Les éditions Urban viennent de publier la biographie que lui a consacrée Mark Evanier qui fut son assistant et qui devint son biographe attitré. D’un abord simple, le livre d’Evanier égrène les anecdotes, amusantes autant qu’ éclairantes, où l’on voit défiler les grands noms de cette incroyable aventure artistique fondatrice du comic book : "un vétéran de la magouille financière" comme Victor Fox chez qui il fit ses débuts en compagnie de Bill Everett, puis la rencontre avec Will Eisner, son "ami, professeur et patron... mais pas dans cet ordre..." et l’atelier Eisner-Iger où il côtoie Bob Kane, le créateur de Batman, ses compagnons d’atelier et de création Joe Simon, Wallace Wood, John Severin, Stan Lee, Steve Ditko...
À chaque fois, ces évocations sont accompagnées de dessins où l’on voit Kirby façonner les plus grands mythes du comic book de son temps, des mythes dont Hollywood fait encore aujourd’hui son miel : Captain America, les Fantastic Four, les X-Men, Thor, Hulk, Spider-Man, Silver Surfer, New Gods,... Cette hymne à la superpuissance, que l’on a souvent confondu avec la superpuissance américaine, mais qui n’était rien d’autre qu’une attitude bravache destinée à donner de la contenance dans un environnement hyper-violent que Kirby synthétise si bien dans son récit "Le Code de la rue", c’était autre chose que la vraie guerre.
Cette vraie guerre-là, il l’a faite pendant deux ans, contribuant à libérer la France et la Belgique : Kirby a fait partie des troupes du Général Patton qui débarquèrent à Omaha Beach, se battirent en Normandie et lors de la bataille de Bastogne. Ce combat-là, comme ceux du "code de la rue" de son enfance, n’avait rien à voir avec ce "quelque chose que seuls Dieu et ses parents connaissaient."

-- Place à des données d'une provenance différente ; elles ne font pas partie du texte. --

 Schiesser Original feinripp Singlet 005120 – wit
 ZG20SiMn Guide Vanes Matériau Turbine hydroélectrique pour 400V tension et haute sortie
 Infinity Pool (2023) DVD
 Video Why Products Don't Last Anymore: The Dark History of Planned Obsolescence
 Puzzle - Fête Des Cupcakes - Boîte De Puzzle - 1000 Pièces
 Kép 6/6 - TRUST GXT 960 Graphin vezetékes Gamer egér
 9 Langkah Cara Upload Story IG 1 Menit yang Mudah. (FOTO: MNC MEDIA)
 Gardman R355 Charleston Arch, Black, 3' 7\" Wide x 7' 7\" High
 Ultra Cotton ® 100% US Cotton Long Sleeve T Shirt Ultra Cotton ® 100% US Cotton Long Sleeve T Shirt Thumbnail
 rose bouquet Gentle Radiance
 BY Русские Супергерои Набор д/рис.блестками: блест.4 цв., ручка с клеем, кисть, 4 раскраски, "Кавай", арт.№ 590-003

De quoi parlait-il ? De la foi, celle dont tous ses héros sont pourvus, se battant en permanence à la limite de leurs forces avec un sens du dépassement que son dessin rendait à merveille ? Ou de cet ordre imperceptible, qui m’a fait écrire de son dessin qu’il était "séfirotique", c’est à dire en quelque sorte habité par le souffle divin ? [1] Les deux sans doute.

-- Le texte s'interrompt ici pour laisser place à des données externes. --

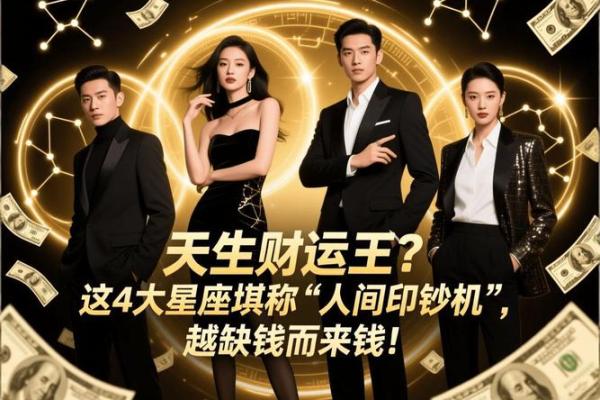 最缺钱的星座 最缺钱的星座女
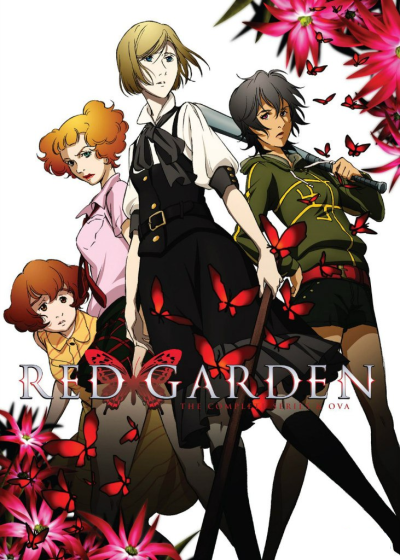 Affiche de Red Garden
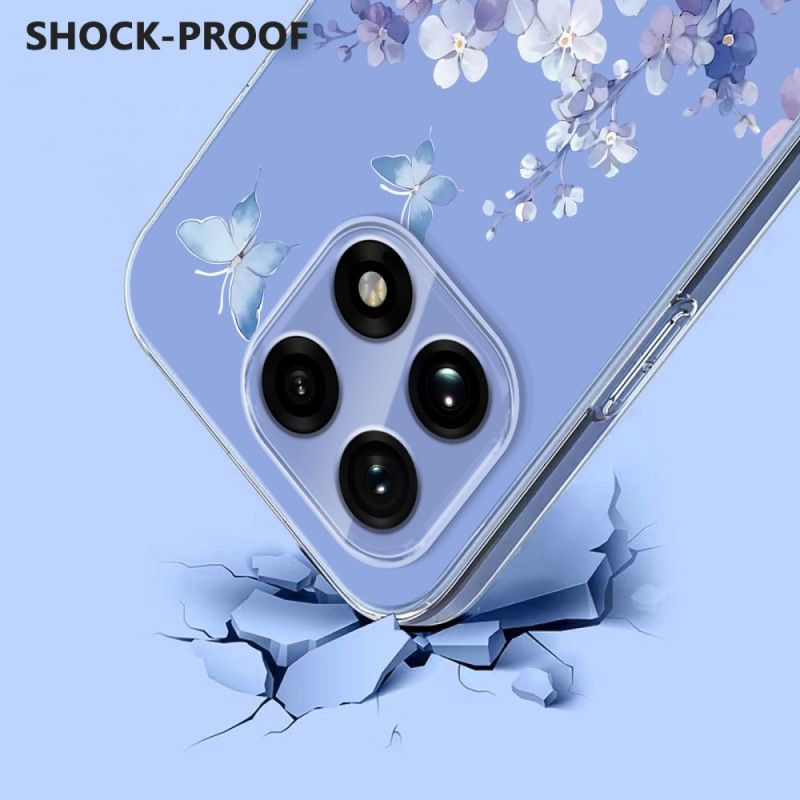 Κάλυμμα Oneplus 15 Πεταλούδες Και Λουλούδια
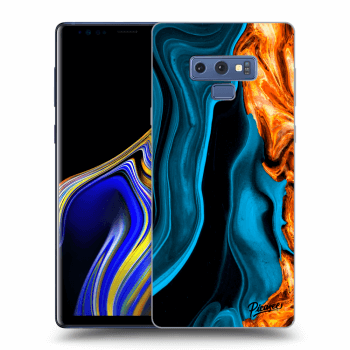 Maskica za Samsung Galaxy Note 9 N960F - Gold blue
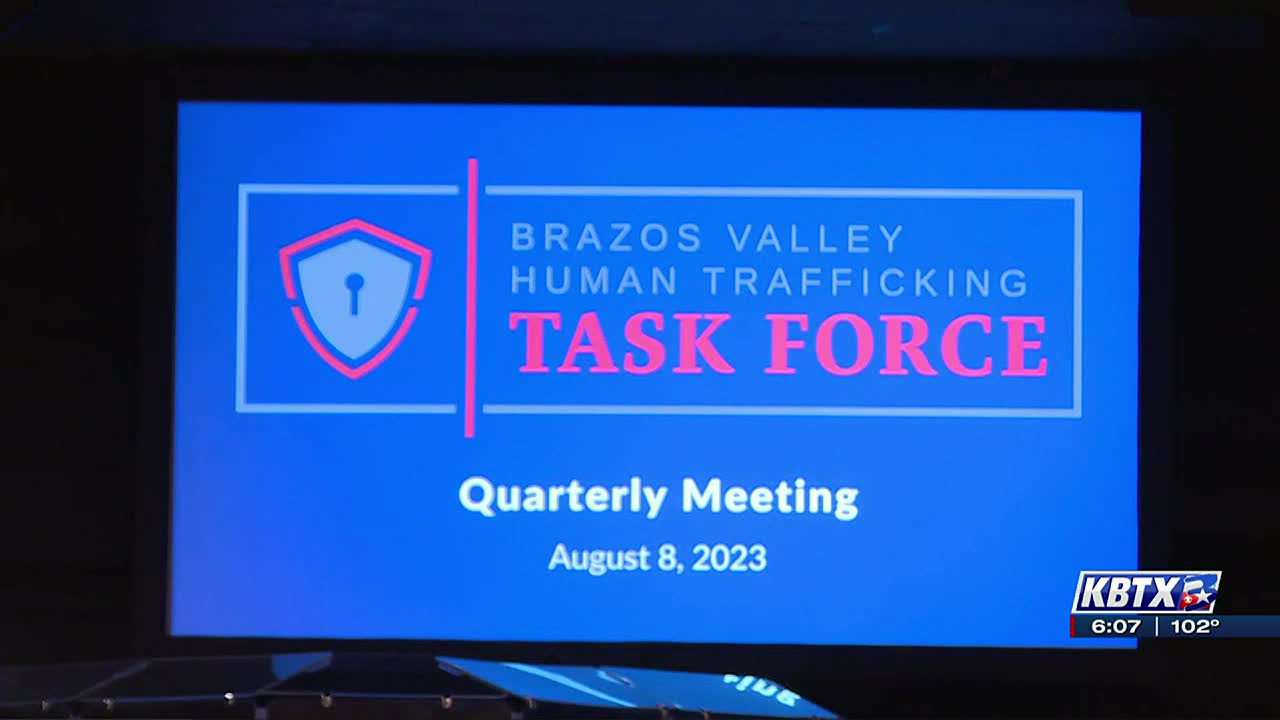 Brazos Valley Human Trafficking Task Force provides update at it s second meeting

C’est pourquoi il faut profiter des rééditions que fait Urban de son travail, des productions qui, nous l’avons écrit, lui rendent justice et qui reprennent les œuvres qu’il a réalisées pour DC Comics : Kamandi, le dernier garçon de la terre T1 et T2, O.M.A.C. le super-soldat, Le Quatrième Monde, une sorte de Genèse superhéroïque, ou cette Anthologie qui ouvre et qui referme en même temps la parenthèse DC Comics qui sert d’écrin à une œuvre non moins fondamentale : celle que le titan du comics bâtit pour Marvel.